Le lendemain était une journée sans passage au laboratoire pour Bucky, qui, à défaut de pouvoir faire une vraie nuit de sommeil réparateur, appréciait de pouvoir simplement se reposer seul dans sa chambre. Le manque de sommeil ne se faisait pas autant sentir qu'il aurait dû, et il y voyait là un effet combiné du sérum et de sa longue période de congélation. À défaut de dormir, il s'étendait sur son lit, voir sur le sol parfois, les yeux perdus dans le vague, cherchant un point unique sur lequel se concentrer, afin de chasser toute autre pensée parasite. Les pensées en question tournant systématiquement sur les sévices infligés par Hydra et ses propres exactions, il lui fallait des efforts démesurés pour y échapper.

Rapidement il avait constaté que cette méthode lui permettait de faire remonter des souvenirs de son enfance et de sa jeunesse. Beaucoup de choses restaient floues, bien sûr, mais au moins, il en retrouvait des bribes ça et là, en se concentrant sur un éléments de son passé. Une rue, un objet de l'appartement de ses parents, un visage… Parfois il finissait même par fermer les yeux, sans craindre les cauchemars délirants qui hantaient ses nuits. Très souvent, c'était parce qu'il se souvenait de Steve. Le gamin rachitique, l'hiver où il avait failli y rester à cause de la pneumonie, le thé que sa mère leur préparait, son visage tuméfié après avoir tenu tête à une petite bande de brute… il avait beaucoup de souvenirs de Steve.

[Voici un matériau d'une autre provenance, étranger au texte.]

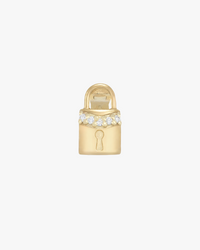 Safe Love Charm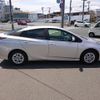toyota prius 2016 -TOYOTA 【名変中 】--Prius ZVW55--8009054---TOYOTA 【名変中 】--Prius ZVW55--8009054- image 20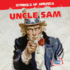 Uncle Sam (Symbols of America)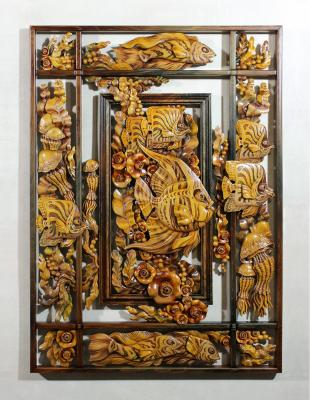 ������������ �������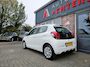 Peugeot 108 1.0 e-VTi Active Airco! 5-Deurs! NAP! Leuke/Nette Auto!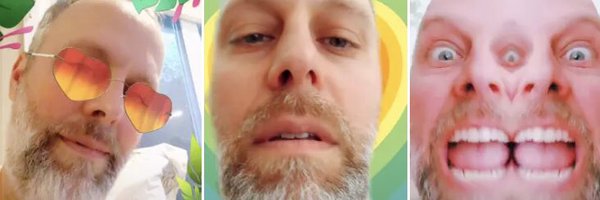 Sr_Lazarus Profile Banner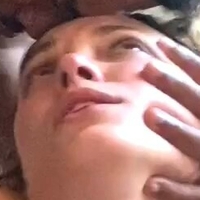 Lily Love Desnuda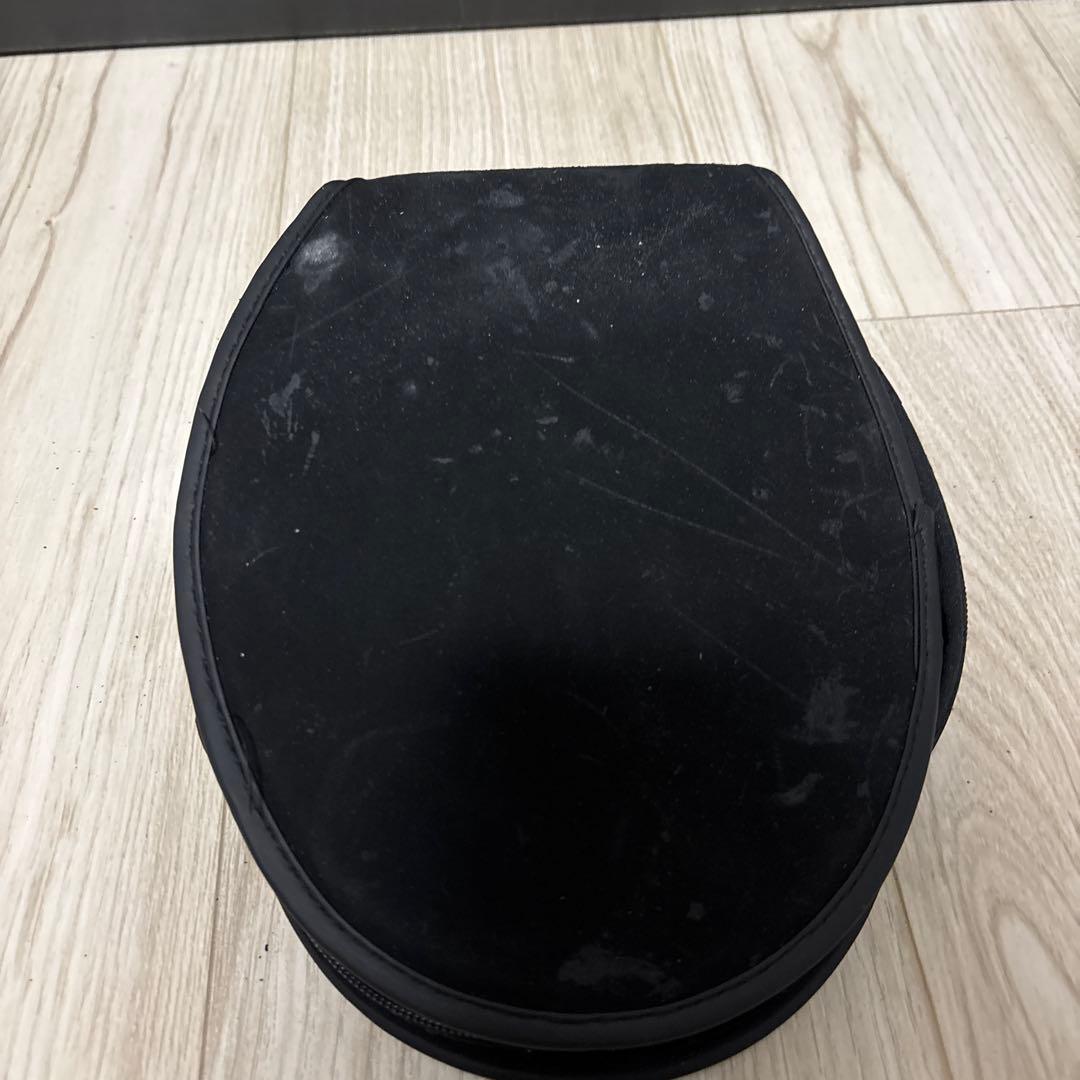 美品SENNHEISER HD25 ALUMINIUM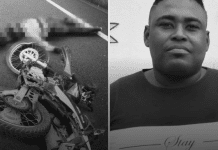 Fatal accidente de tránsito en la vía Garzón-Neiva le arrebata la vida a docente chocoano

Ce jour-là, il avait réussi à cerner une scène qui manquait encore de clarté. Une escapade sur les docks, ils étaient sensés être ailleurs mais il n'arrivait à pas savoir où…. Ils faisaient peut-être l'école buissonnière, qui sait ? Il se savait assis sur une bitte d'amarrage, Steve penché sur la balustrade le long du quai. L'autre garçon regardait au loin, l'air envieux, rêveur… James n'arrivait à pas se souvenir ce qu'ils regardaient dans la baie, mais ça avait été important pour eux. Ou plutôt pour Steve, lui n'était là que pour le suivre. Il tenta un instant de se souvenir de ce qu'il y avait dans la baie. Un vaisseau? Mais rien à faire. Il ne voyait que Steve, perdu dans sa chemise trop grande et trop usée, dont le regard bleu pétillait, fixé sur la baie. Il en arrivait très souvent à ce point, quand les scènes de son passé lui échappaient, il savait que le souvenir de Steve serait intact. C'était quelque chose qui l'avait inquiété d'abord, par peur de ne jamais se souvenir réellement du reste. Et puis il avait compris, lentement, il s'était souvenu et il s'était rassuré. Les souvenirs reviendraient, les plus futiles seraient juste plus longs à venir.

OoOoOoOo

Steve avait résisté à l'envie d'aller tirer son ami de sa solitude et s'était résolu à sortir courir. Si la vie au Wakanda était reposante par bien des aspects, leur isolement forcé était source d'ennui. D'autant plus pour Steve quand Bucky se murait dans sa chambre. Dans ces moment-là, il sortait courir. Il avait parcouru les plaines alentours sur un rayon de près de 70 kilomètres, à mesure que les jours passaient. Et il ne s'en était pas encore lassé tant les paysages parcourus étaient époustouflants et changeants. Sa principale frustration était de ne pas pouvoir découvrir d'autres parties du pays qui l'accueillait.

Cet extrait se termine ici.